Abelow’s conclusion about the war in Ukraine is notable: “When all is taken into account, the primary responsibility lies with the West, in particular with the United States.” I agree, but it is not necessary to go so far as to recognize the importance of Abelow’s arguments. Any reader of Abelow’s book who is not irreversibly blinded by the official story has to see that responsibility for the war in Ukraine is at least shared.

This point is not of just historical interest. The official story informs not just the question of how the war in Ukraine began but also of how it might be ended. Since the US, NATO, and Ukrainian spokespeople persist in viewing Russia and Putin as the war’s sole perpetrators, they insist that the war cannot end until Russia is totally defeated, strategically weakened, and forced to return all previously Ukrainian territory, including Crimea. Such goals are not only unrealistic, but they also block any serious effort to end the war through negotiations.

Realistically, the only alternatives to negotiations now are a long, simmering slog back and forth through Ukrainian fields and towns, a slog that will eventually grind down both sides and grind up their fighters and civilians, or another endless and escalating war that may spread uncontrollably beyond Ukraine and that may end us all in Nuclear Armageddon.

Despite its misleading nature and its ugly consequences, however, the official story is likely to persist.
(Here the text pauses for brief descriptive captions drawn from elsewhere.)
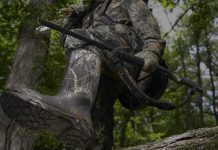 photo of the best hunting boots under $150 stepping over a log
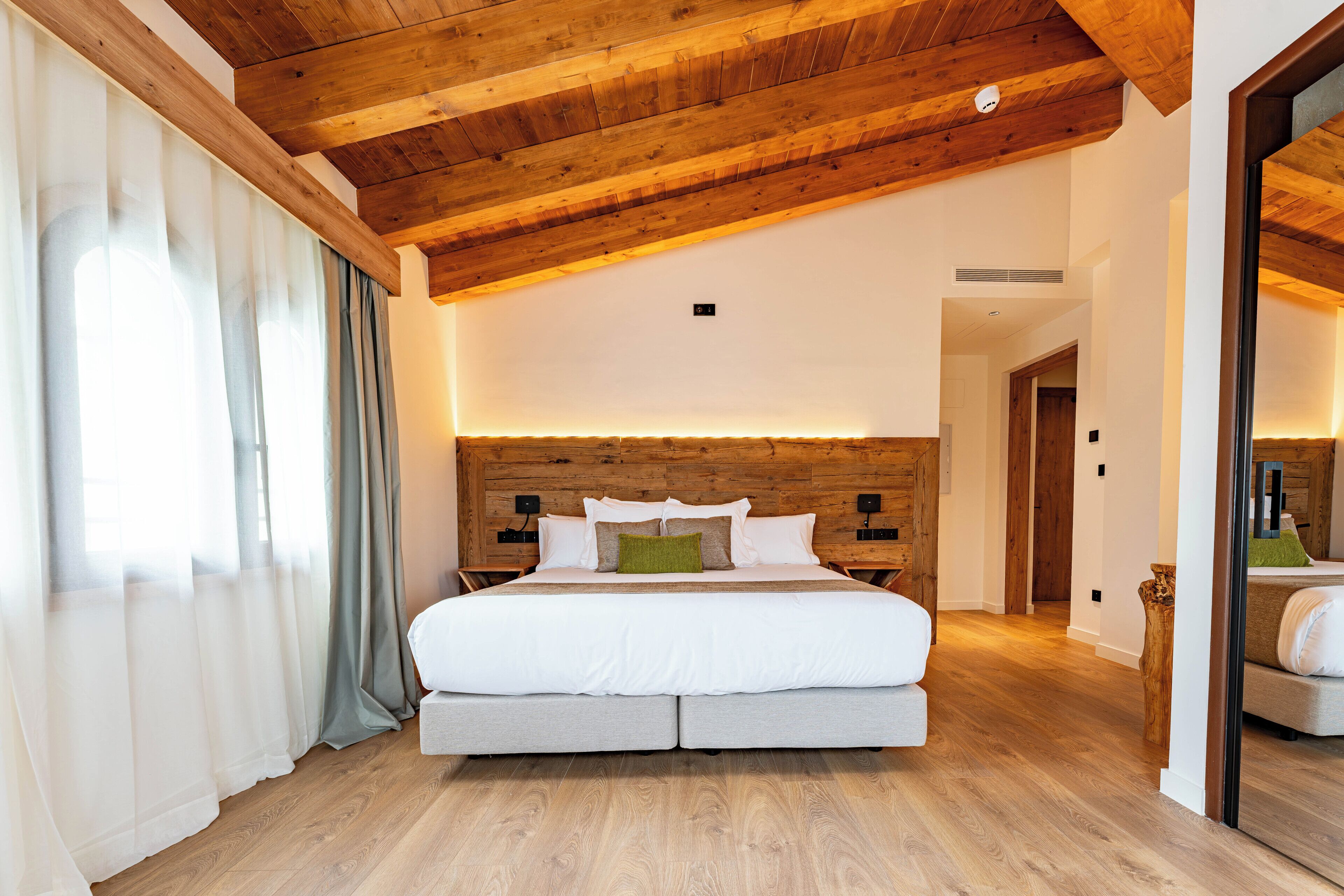 A modern bedroom with a wooden ceiling, a large bed with white bedding, and a wooden headboard.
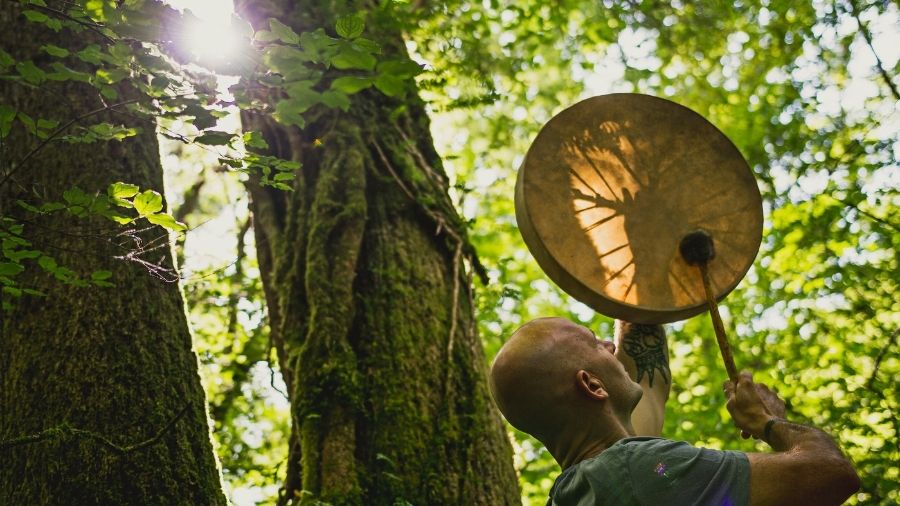 An adult man playing a shamanic drum in a focused, rhythmic manner.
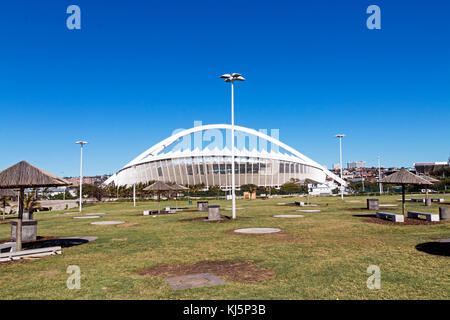 Grass lawn recreational area against Moses Mabhida stadium and blue sky in Durban, South Africa Stock Photo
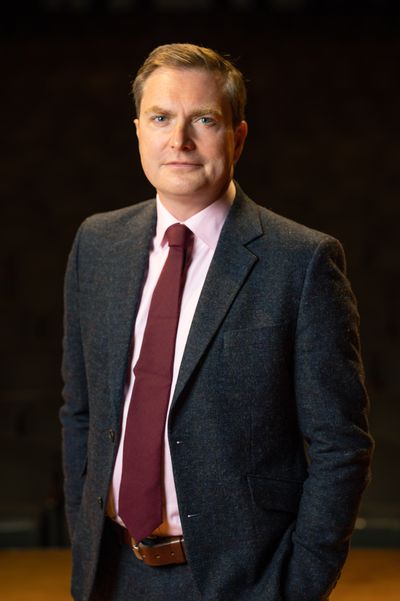 James Lowe, Spokane Symphony music director, stands for a portrait at Martin Woldson Theater at the Fox on Sept. 2.  (Colin Mulvany/The Spokesman-Review)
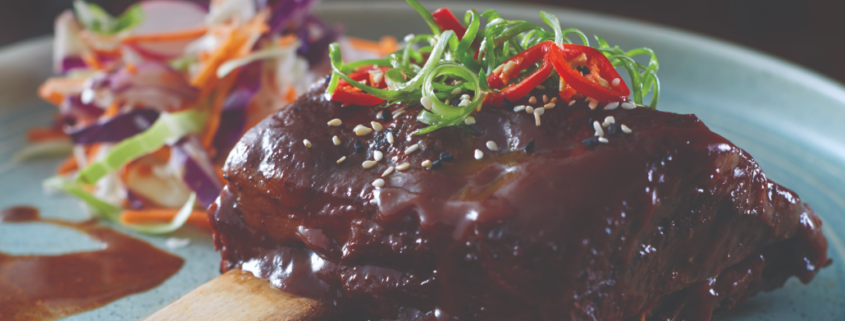 Two Beef Ribs placed in the middle of a blue-grey plate with meet sauce, cut up shallots and red chilli's placed on top. A Mixed cabbage salad can be seen towards the back of the plate.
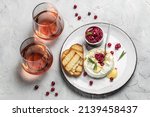 French cuisine. Baked camembert cheese with cranberries and basil leaves, wine on a light background, banner, menu, recipe place for text.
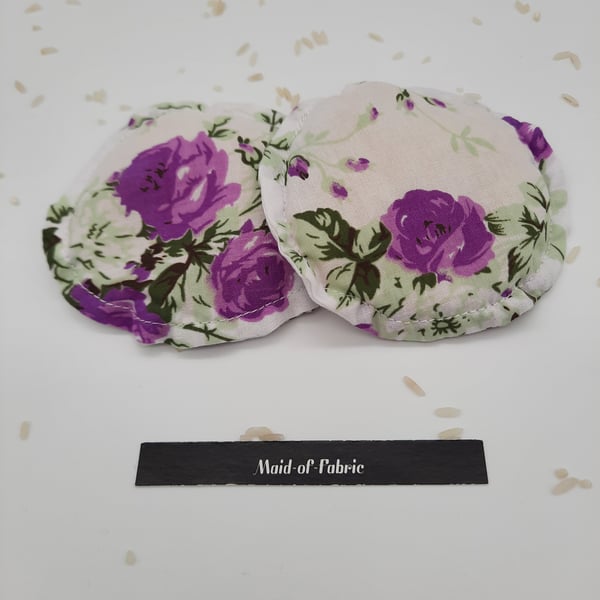 Hand warmers, heat pads rice filled in white floral fabric. 
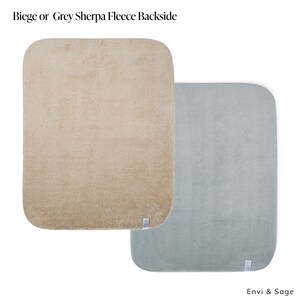 May include: Two square sherpa fleece throw blankets. One is beige and the other is light blue. The text "Envi & Sage" is printed below the blue blanket.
Erasing the official story and ending the war in Ukraine will require more than books like Abelow’s. It will require pushing peace initiatives like China’s (a topic for a future essay), which despite US and NATO attempts to discredit it as biased toward Russia, is remarkably even-handed in seeing the war in Ukraine as a shared responsibility between Russia and the US and NATO. Beyond that, ending the war in Ukraine will require sustained opposition by a growing peace movement, a peace movement that will surely find Abelow’s short book extremely useful.